Americans are, in fact (as reported in Epoch Times below, and elsewhere) living longer all the time. Sometimes that’s just fine, especially if we’re in reasonable health. But what if we’re not? What if we’d just as soon be getting on with whatever follows this temporary time on earth? Millions and millions of people are living for hours, days or extended months and years in circumstances they would not choose simply because we have created a culture that says we must be kept alive no matter what.

Average life expectancy continues to increase, and today’s older Americans enjoy better health and financial security than any previous generation. Key trends are reported in “Older Americans 2008: Key Indicators of Well-Being,” a unique, comprehensive look at aging in the United States from the Federal Interagency Forum on Aging-Related Statistics.

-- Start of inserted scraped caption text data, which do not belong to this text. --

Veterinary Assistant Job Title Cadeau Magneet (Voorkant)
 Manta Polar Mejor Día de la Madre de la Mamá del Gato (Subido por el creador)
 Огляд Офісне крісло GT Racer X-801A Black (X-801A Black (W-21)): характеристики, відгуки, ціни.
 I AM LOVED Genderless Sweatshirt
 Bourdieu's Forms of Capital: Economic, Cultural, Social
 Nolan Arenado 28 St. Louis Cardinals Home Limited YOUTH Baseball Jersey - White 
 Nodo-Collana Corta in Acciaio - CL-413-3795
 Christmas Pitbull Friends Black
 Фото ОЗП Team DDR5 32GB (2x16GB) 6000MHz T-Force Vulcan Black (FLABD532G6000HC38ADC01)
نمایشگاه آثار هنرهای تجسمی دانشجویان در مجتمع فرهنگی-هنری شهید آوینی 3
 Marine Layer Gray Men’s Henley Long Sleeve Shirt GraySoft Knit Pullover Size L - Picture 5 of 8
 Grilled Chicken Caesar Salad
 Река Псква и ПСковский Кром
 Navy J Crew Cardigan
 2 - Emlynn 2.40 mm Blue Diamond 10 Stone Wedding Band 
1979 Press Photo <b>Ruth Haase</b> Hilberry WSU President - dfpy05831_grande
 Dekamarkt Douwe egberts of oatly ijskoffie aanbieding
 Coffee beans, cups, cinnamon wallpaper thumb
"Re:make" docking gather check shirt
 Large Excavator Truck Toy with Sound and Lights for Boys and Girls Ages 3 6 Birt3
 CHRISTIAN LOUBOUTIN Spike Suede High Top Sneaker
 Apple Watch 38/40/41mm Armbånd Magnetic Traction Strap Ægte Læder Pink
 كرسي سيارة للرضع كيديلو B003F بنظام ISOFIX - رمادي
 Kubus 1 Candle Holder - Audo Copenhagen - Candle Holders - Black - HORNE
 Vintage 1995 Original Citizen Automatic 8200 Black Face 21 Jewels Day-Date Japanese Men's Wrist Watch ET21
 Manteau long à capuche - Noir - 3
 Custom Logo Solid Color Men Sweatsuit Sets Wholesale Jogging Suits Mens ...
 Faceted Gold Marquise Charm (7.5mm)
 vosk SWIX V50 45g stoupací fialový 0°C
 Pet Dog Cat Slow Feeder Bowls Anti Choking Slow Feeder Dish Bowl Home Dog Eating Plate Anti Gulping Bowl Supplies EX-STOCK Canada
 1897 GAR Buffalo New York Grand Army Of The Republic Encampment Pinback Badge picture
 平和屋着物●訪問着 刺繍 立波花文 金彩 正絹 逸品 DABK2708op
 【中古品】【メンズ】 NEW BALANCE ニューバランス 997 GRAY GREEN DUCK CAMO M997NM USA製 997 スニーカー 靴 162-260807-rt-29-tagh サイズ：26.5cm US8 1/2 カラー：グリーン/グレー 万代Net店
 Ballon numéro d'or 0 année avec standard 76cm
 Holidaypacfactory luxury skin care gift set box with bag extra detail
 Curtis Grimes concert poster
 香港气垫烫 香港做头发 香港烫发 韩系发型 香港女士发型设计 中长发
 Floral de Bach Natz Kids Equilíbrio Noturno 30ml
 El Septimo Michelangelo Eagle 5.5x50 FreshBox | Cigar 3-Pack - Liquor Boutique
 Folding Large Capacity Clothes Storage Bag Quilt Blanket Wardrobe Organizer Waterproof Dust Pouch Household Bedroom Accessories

“This report comes at a critical time,” according to Edward Sondik, Ph.D., director of the National Center for Health Statistics. “As the baby boomers age and America’s older population grows larger and more diverse, community leaders, policymakers, and researchers have an even greater need for reliable data to understand where older Americans stand today and what they may face tomorrow.”

Where do we stand right now? Well, the same source that says we’re living longer and enjoying better health and financial security (hmmmm on the financial security business) reveals that Americans are “engaging in regular leisure time physical activity” on these levels: ages 45-64: 30%; ages 75-84: 20%; geezers 85 and over: 10%. Hello? Better health and financial security, just no leisure time physical activity? Could it bear some relationship to obesity factors in the same data: 30+% for men, 40+% for women?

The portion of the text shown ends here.